When we search object and people we are searching a specific person or object. In semantic search we search for a generic concept, such as “any person with a blue hat”. You do that by giving a query image that contains the concept, and all the other images will be similar in terms of their semantic.

Screenshot 2024-01-17 at 1.25.56 PM.png

Note

In a siamese network you have n times the same network with the same parameters. This is used in the deep local features, together with a ranking loss.

Note

Curriculum learning means start the training easy and increment the difficulty of the train with time. For example use more aggressive data augmentation, such as increased cut-out. Is the semantic search task well-defined? Meaning that if we consider the query image below, what do we want as result? A person with an umbrella, or a person near the metal net?

Screenshot 2024-01-17 at 1.28.43 PM.png

One may be closer to the other one depending on the interpretation, so the task is ambiguous. Experiments has been done on this, and the agreement score was about 90%, meaning that 10% of the people don’t agree, which means the task is a bit ambiguous.

During some experiments they also saw that if the image is provided with some human captions, the performance are better. By just matching the captions of the images with tf-idf produced a score of 76.3%, which is far from the 89% agreement achieved by humans, but it’s a score that cannot be reached with only the visual baseline, also by using some deep NN.

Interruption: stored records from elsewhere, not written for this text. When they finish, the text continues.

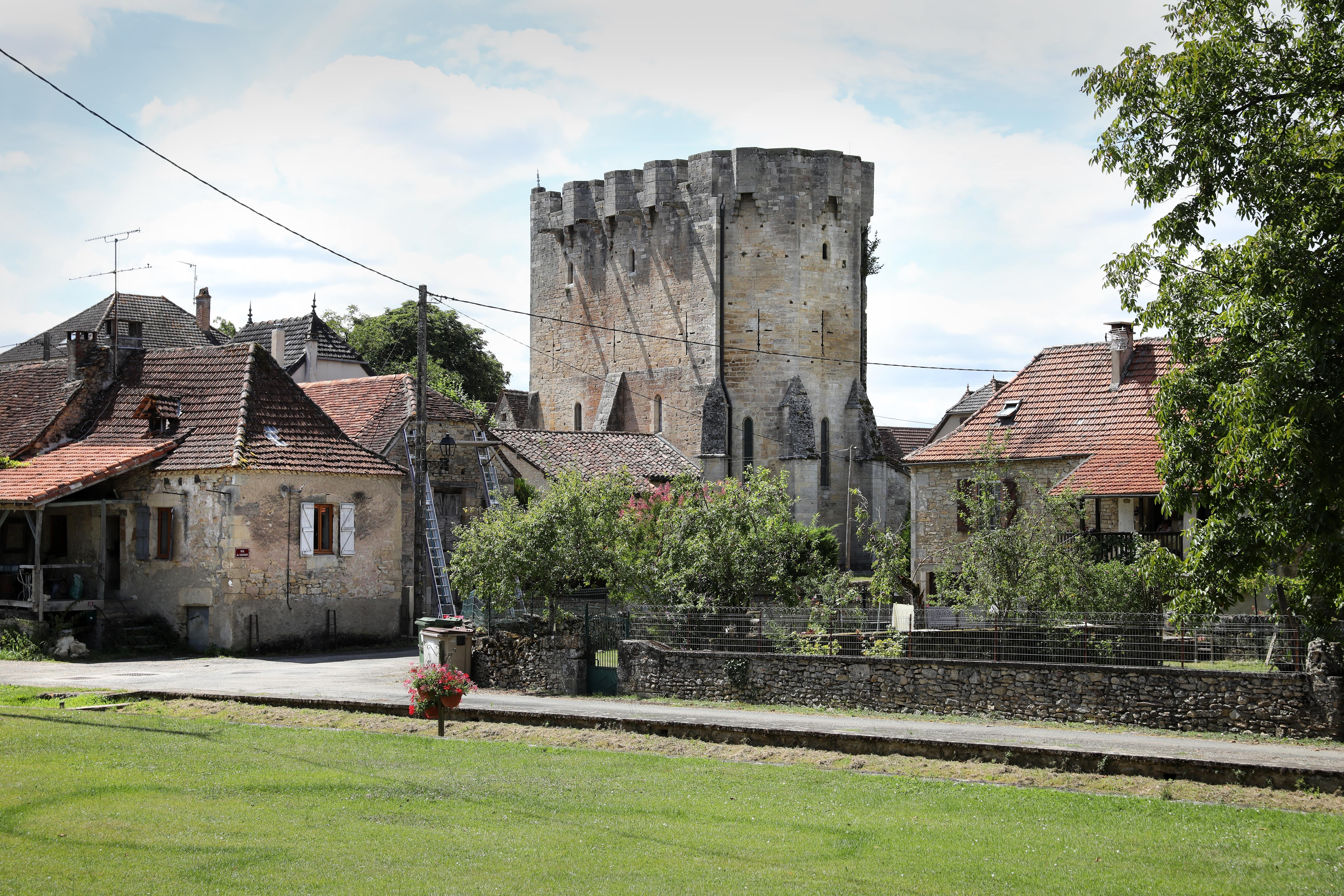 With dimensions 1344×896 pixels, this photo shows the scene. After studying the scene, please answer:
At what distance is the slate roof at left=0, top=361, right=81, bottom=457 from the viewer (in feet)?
100

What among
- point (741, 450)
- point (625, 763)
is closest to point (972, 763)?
point (625, 763)

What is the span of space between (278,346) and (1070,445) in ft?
97.8

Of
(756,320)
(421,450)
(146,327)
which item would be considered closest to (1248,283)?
(421,450)

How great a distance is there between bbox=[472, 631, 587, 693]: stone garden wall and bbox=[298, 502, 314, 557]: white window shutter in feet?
23.4

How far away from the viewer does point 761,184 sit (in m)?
51.4

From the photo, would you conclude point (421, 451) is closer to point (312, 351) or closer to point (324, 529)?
point (324, 529)

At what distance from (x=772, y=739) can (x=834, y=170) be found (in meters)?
38.8

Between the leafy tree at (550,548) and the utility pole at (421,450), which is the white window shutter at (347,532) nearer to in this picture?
the utility pole at (421,450)

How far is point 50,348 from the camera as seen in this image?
1925 inches

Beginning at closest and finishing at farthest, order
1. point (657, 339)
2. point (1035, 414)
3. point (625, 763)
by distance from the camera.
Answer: point (625, 763) < point (1035, 414) < point (657, 339)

The idea is to create captions for the training set, and force two images to be close in the semantic embedding space if they have a similar caption. Then at test time you will only have images, but the embedding of an image should be closer to the ones that are semantically similar now.

Screenshot 2024-01-17 at 1.41.51 PM.png

The training is done using the query, the relevant image and a non relevant image (in order to push it away in a contrastive learning fashion). The triplet loss depends on three factors, which tries to minimize the similarity between the query and the relevant image (relevant in terms of captions similarity), and maximise the similarity between the query and the non-relevant image.

In general in complex deep learning problems you should make sure that the model is able to perform some proxy tasks which means that it has understood what we think it’s important to understand in a scene. Done that, the model will be able to learn other more specific tasks to take actions and solve the specific problem.

An example is autonomous driving, if we try to directly create a model that outputs the steering and acceleration, without producing some kind of embedding of the scene which represents what the model understands in that specific moment, we won’t probably have really good results.